When something really bad happens and we say our faith can take us through it, we mean that we believe God meant what He said about all things working together for good to them that love Him. He who measures out heaven with the span of His hand, who knows the intricacies of molecular structure down to each individual electron, is working in all things. And He is good. “The LORD is good to all: and his tender mercies are over all his works” (Ps. 145:9). How can we say that when what is happening seems to have no good in it? Only because we believe that God does not lie and that no matter how bad it seems, He is not at the mercy of the circumstance. Spurgeon said, “When I cannot trace His hand, I can trust His heart.”
When heaviness in the heart makes it stoop, and the joy bells are silenced, and the step is heavy, and the sun is hidden by dark clouds, and the harp is hung on the willow, yet we hold on to our faith, we are saying that faith is not in the emotions but in the facts of the word of God who cannot lie.
A woman and her young daughter went to a Christian meeting and responded to the wonderful message that “God so loved the world that He gave His Son.” They were happy in their new faith for several weeks. One morning, however, the mother awoke with a heavy feeling. She moped around the kitchen and her daughter sensed the unhappy atmosphere. Dull silence dominated. Then the girl disappeared for several minutes. Her shouts interrupted the somber morning.
“Mother!
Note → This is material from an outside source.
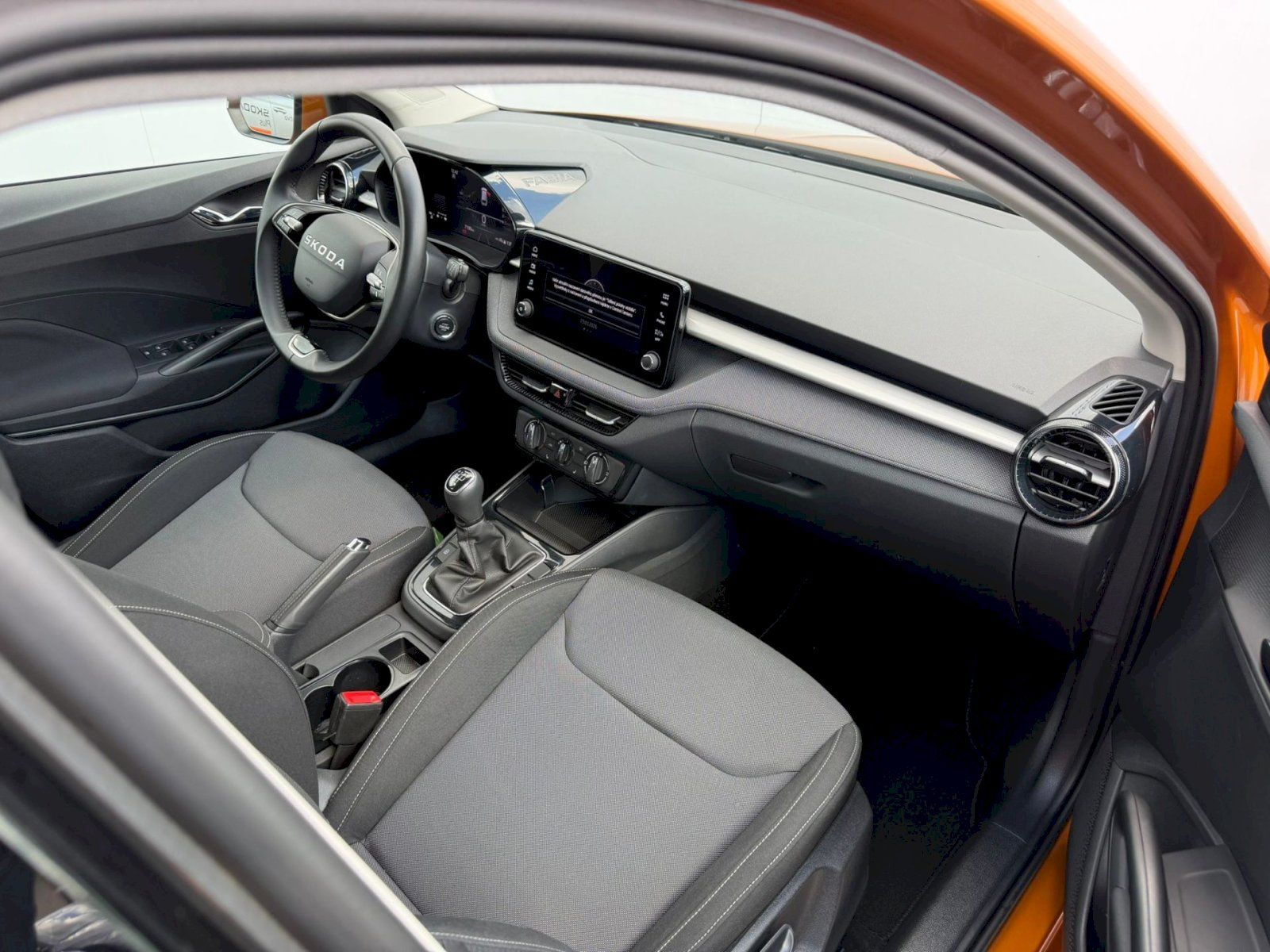 Škoda Fabia, Selection 1,0 MPI 59 kW 5° MP - fotka 6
Mother!” she exclaimed. “It’s still there!”
“What is still there?” enquired the startled woman.
“I just looked it up,” answered the girl. “John 3:16 is still in the Bible!”
The spell was broken as mother and daughter rejoiced in the fact that God does not change His word. He is the same and His promises remain for all who believe. It does not depend on fancy or feelings. It is true. Always. Sometimes you have to do it just by faith.
“For therein is the righteousness of God revealed from faith to faith: as it is written, The just shall live by faith” (Rom. 1:17).